Obviously, it is difficult to give a fair grade to such an essay or to write constructive comments on it. It is not information I want to have. As a freshman, I would have known better than to write about such intimate events for a college professor.
But after I had attended some workshops at the National Council for the Social Studies annual conference in November, I understood why some of my students reveal their most intimate experiences in essays: They have been told to do so by their teachers since elementary school.
For example, in one of the workshops, “Exploring the Human Rights of Illegal Immigrant Students and Communities,” Los Angeles middle school teacher Martha Infante described how she uses a book that has become mandatory reading for many high school and college students, Enrique’s Journey. Infante does not seem to assign papers, but has middle-school students do activities like drawing and acting out feelings.

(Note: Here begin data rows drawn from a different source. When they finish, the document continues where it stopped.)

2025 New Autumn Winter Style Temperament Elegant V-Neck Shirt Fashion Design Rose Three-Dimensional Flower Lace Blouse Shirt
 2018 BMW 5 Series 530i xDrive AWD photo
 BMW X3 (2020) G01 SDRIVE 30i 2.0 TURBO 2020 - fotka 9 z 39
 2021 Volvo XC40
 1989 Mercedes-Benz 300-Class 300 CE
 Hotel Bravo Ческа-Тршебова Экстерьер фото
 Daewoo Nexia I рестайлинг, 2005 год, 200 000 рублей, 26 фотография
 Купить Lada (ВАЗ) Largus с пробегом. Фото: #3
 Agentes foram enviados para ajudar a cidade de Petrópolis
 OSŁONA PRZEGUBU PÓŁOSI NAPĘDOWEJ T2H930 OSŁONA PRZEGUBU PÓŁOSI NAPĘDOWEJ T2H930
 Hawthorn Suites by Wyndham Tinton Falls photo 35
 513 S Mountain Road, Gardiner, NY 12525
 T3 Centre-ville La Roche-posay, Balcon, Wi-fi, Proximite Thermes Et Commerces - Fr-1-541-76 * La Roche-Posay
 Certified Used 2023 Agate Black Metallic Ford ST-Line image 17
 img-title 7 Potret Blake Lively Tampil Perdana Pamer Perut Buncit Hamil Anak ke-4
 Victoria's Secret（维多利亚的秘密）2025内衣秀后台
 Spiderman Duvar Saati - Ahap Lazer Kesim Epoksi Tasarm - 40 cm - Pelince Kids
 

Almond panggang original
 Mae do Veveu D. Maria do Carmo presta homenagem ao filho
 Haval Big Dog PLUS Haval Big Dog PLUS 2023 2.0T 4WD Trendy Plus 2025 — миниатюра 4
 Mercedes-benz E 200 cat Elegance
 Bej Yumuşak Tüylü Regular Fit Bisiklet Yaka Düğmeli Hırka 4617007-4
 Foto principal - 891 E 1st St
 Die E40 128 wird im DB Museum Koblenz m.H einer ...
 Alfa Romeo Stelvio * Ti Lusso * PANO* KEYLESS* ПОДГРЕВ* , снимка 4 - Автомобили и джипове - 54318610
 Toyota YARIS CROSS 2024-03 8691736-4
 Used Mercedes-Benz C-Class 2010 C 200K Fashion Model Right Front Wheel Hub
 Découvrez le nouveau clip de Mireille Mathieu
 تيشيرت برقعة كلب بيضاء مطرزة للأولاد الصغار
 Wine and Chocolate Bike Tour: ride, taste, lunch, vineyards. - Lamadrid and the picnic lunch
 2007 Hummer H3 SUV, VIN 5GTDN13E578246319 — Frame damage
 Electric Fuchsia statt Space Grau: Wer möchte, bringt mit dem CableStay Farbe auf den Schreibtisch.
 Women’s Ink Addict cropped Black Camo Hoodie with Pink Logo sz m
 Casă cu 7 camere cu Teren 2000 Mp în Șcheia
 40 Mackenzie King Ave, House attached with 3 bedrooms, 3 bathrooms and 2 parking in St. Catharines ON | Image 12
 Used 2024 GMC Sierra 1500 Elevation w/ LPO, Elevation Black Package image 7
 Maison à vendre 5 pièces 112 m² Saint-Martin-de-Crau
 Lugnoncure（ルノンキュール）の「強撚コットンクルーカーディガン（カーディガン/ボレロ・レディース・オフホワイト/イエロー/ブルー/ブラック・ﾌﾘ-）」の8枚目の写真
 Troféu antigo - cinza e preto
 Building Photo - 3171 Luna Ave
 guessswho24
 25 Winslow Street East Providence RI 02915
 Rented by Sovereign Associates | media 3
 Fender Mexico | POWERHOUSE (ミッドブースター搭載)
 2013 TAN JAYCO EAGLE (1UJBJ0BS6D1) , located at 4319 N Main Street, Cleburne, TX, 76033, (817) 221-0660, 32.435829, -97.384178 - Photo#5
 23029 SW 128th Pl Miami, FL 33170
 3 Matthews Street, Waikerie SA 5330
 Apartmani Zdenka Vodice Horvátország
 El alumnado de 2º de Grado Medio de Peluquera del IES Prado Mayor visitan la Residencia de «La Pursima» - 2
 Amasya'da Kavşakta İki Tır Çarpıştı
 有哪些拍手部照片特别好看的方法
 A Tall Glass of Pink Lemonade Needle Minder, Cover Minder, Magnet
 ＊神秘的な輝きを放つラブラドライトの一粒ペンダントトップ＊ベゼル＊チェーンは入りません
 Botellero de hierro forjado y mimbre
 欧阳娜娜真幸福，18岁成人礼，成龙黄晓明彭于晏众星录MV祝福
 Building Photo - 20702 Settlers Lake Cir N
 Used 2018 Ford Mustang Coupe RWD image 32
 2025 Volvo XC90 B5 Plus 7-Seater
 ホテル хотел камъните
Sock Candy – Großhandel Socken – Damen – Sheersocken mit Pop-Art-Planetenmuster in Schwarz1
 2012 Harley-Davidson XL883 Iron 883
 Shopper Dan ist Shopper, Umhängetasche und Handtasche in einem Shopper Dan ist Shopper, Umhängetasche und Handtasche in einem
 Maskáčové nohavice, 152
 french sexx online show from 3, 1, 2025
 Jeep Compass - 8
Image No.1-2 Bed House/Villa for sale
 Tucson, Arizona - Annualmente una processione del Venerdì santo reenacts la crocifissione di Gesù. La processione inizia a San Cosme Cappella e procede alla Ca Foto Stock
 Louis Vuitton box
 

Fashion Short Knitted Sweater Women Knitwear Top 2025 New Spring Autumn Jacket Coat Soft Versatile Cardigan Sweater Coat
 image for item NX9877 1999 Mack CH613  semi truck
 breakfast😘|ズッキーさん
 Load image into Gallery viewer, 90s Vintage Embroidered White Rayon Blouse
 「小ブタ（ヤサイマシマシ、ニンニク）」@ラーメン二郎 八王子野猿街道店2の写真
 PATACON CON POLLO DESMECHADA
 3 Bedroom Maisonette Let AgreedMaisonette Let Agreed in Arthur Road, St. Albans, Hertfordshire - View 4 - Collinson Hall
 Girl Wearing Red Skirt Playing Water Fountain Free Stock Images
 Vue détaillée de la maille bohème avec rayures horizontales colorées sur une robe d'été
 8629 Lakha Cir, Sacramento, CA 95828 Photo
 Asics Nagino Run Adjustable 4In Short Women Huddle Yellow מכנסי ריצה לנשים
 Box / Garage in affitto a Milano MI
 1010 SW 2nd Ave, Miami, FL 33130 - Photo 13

In one of her exercises, “Sensory Figures,” students are instructed to quickly draw a character from the book and then fill in the blanks after following prompts for the character: “I think,” “I see,” “I hear,” “I smell,” “I touch,” “I taste,” “I feel,” “I want,” “My feet,” “I wonder.” For the prompt about feet, it soon became apparent that the expected answer would concern their soreness.
Two sample figures drawn by students were included in the packet Infante handed out to us. Both were of Enrique, the main character, a sixteen-year-old boy who travels from Honduras to rejoin his mother–in patched and tattered clothing. One had a large tear drawn on his cheek. Around him were the completed prompts: “I taste the blood coming out of my mouth,” “I touch mud, water, grass, dirt,” and “My feets looks [sic] [illegible].” (Grammar and penmanship do not seem to be of primary concern.) The other drawing too seems to display a lesson well learned as evidenced by the writing accompanying it: “I smell the blood of beaten immigrants” and “My feet hurt from all the walking.”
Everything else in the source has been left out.